[DATA SHOWN]

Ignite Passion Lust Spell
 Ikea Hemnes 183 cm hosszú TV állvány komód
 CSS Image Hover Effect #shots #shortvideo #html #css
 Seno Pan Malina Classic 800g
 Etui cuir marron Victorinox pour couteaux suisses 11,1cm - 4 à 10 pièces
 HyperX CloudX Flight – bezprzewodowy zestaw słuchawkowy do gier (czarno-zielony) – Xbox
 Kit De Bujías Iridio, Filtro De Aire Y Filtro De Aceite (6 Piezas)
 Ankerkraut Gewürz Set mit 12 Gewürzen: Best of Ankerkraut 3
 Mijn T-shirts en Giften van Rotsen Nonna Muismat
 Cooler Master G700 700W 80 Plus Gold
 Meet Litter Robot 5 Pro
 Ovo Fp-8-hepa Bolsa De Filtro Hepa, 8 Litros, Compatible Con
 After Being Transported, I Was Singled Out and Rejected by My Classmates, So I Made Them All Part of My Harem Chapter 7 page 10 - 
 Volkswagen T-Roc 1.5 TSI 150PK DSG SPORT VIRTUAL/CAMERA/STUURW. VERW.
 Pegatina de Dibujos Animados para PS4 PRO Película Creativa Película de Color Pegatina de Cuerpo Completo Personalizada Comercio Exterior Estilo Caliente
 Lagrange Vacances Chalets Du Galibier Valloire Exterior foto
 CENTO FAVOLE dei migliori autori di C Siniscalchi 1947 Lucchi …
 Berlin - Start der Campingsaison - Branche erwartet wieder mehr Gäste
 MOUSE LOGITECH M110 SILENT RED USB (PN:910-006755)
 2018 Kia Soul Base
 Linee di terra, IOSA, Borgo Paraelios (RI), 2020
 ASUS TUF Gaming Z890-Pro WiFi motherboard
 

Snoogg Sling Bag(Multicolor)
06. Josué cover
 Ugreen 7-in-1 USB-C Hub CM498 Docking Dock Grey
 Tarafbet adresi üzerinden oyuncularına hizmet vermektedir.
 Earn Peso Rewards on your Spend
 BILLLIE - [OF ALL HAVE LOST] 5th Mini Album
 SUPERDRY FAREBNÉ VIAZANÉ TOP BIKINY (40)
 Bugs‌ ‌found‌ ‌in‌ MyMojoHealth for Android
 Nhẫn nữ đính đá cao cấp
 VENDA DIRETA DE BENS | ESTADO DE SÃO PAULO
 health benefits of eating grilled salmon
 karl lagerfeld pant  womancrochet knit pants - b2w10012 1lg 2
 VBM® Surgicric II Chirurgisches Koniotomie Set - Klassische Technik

[/DATA SHOWN]

§ YOUR ASSIGNMENT
Above are the records; copy exactly the lines from the one with "health benefits of eating grilled salmon" through the final line.

§ OUTPUT BELOW
 health benefits of eating grilled salmon
 karl lagerfeld pant  womancrochet knit pants - b2w10012 1lg 2
 VBM® Surgicric II Chirurgisches Koniotomie Set - Klassische Technik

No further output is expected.